Stock brokers have seen their margins squeezed in the March quarter, with trading volumes shrinking and income falling — partly due to a raft of regulatory changes such as increased margin requirements, the removal of volume-linked rebates, and higher limits for basic demat accounts taking a toll.
Over the past few months, the Securities and Exchange Board of India (SEBI) introduced six measures aimed at tightening the futures and options (F&O) market, the impact of which is now fully taking hold. A combination of these steps and volatile global cues have shrunk both cash and derivatives market volumes by over 30%, market experts said.
The impact is visible in the March quarter earnings, with discount broker Angel One reporting a 48 percent year-on-year fall in net profit to ₹174.5 crore, along with a 22 percent drop in revenue to ₹1,056 crore. HDFC Securities also saw its revenue fall by nearly 14 percent to ₹742 crore and net profit slip over 21 percent to ₹251 crore from the previous year.
“Broker’s performance has been dented due to a drop in cash market volumes and SEBI’s F&O rules,” said Sandeep Chordia, chief operating officer at Kotak Securities. “Cash markets’ average daily volumes have declined almost 30 per cent from the levels seen before September 2024, largely following global cues. Meanwhile, the derivative segment has seen a substantial fall in the number of contracts traded due to the regulatory changes,” Chordia said.
Demat limits
Another blow to broker revenues came with SEBI’s move in September 2024 to raise the investment cap for basic demat accounts five fold — from ₹2 lakh to ₹10 lakh — preventing brokers from charging normal annual maintenance fees.

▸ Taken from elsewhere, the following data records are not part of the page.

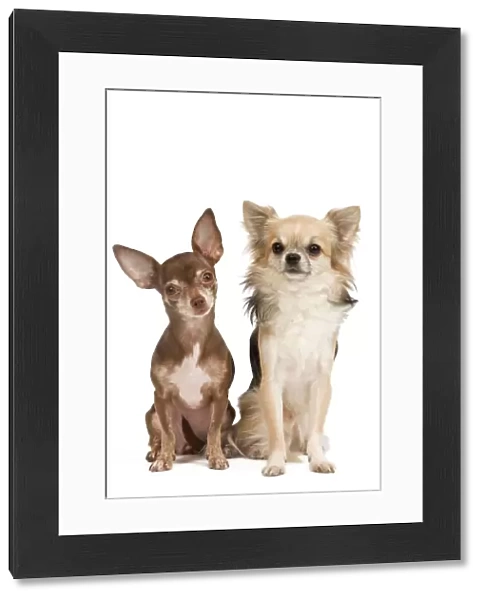 Dog - Long-haired & short-haired Chihuahua in studio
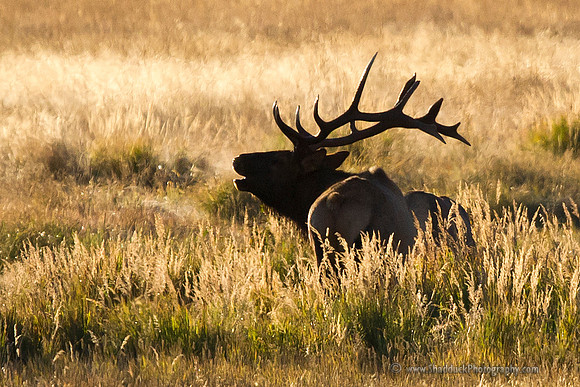 Elk Sunrise Fall 2011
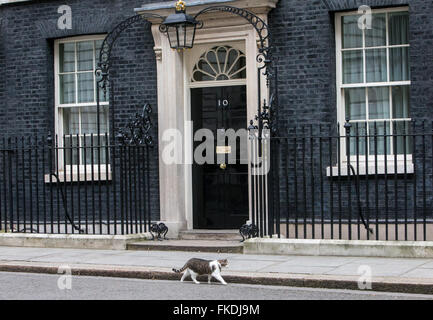 Larry di Downing street cat,Chief Mouser per l'Ufficio di gabinetto. Larry è un marrone e bianco tabby,presso la porta del numero 10 Foto Stock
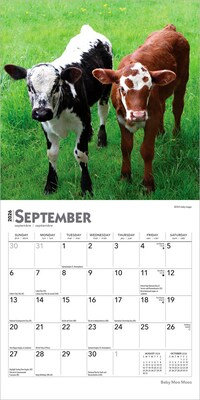 2026 BrownTrout Baby Moo Moos 7" x 7" Monthly Wall Calendar (9798330702275)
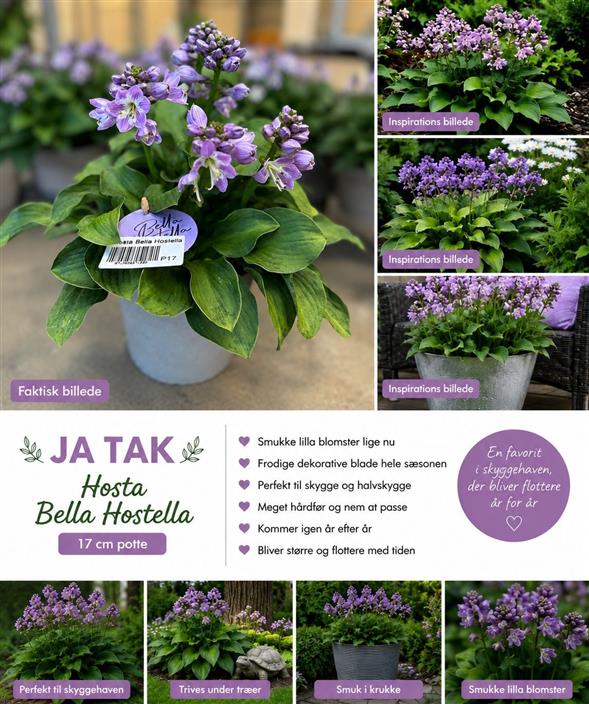 SMUK & FRODIG HOSTA BELLA HOSTELLA 🌿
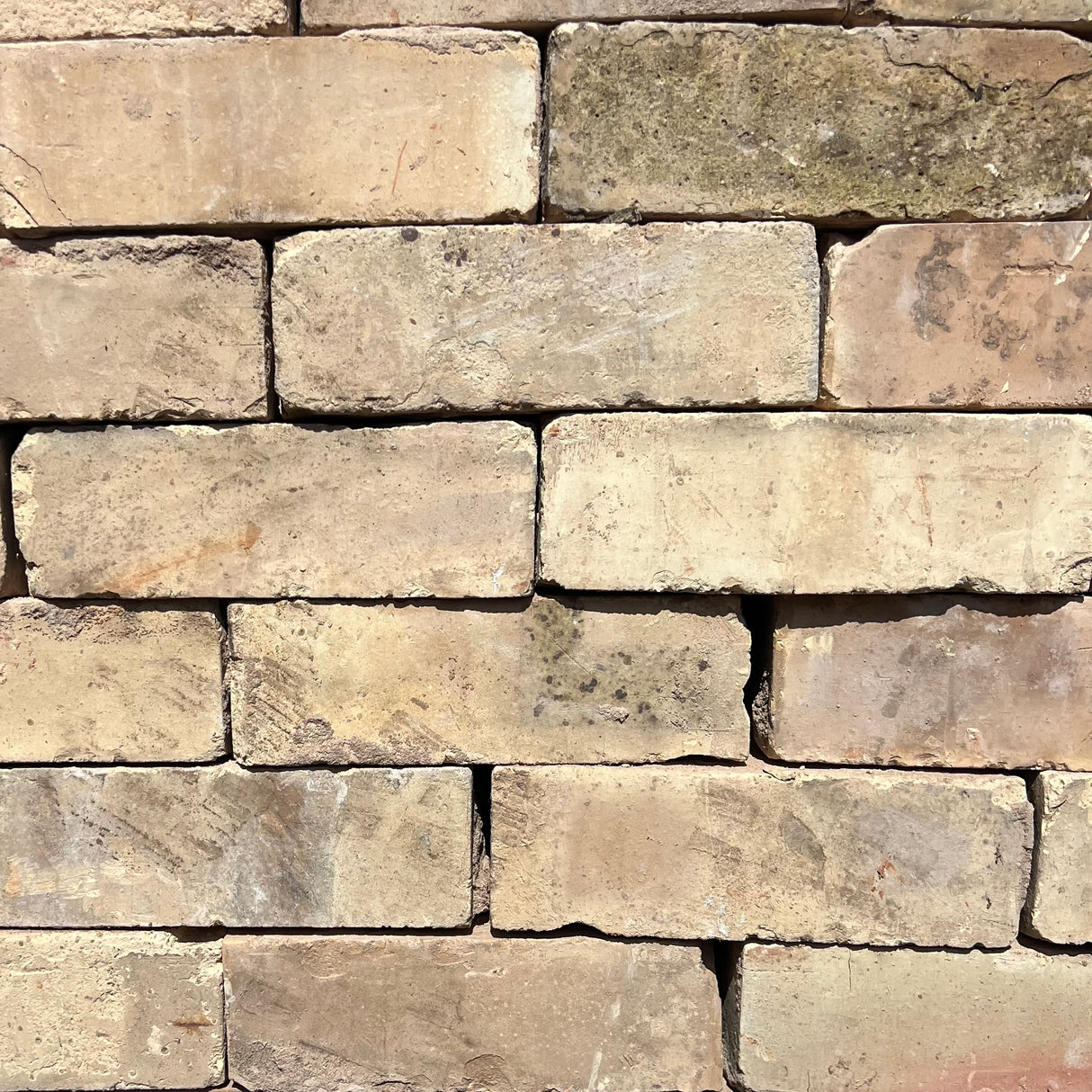 Reclaimed 73mm White Gault Bricks | Pack of 250 | Free Delivery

“Enhancement of the Basic Services Demat Account (BSDA) limit has dented at least 30-35 per cent of brokers’ revenues from demat charges, especially annual maintenance charges,” said Ashish Rathi, Whole-Time Director at HDFC Securities. “Apart from the drop in derivatives volumes, regulatory changes like true-to-label and basic demat accounts have equally pressured brokers’ margins,” he said.
No more rebates
Adding to the pressure, SEBI mandated a uniform fee structure for brokers from October 2024, scrapping the earlier volume-linked incentives. This move hit zero-brokerage players particularly hard, forcing them to tweak their fee structures to cushion the impact.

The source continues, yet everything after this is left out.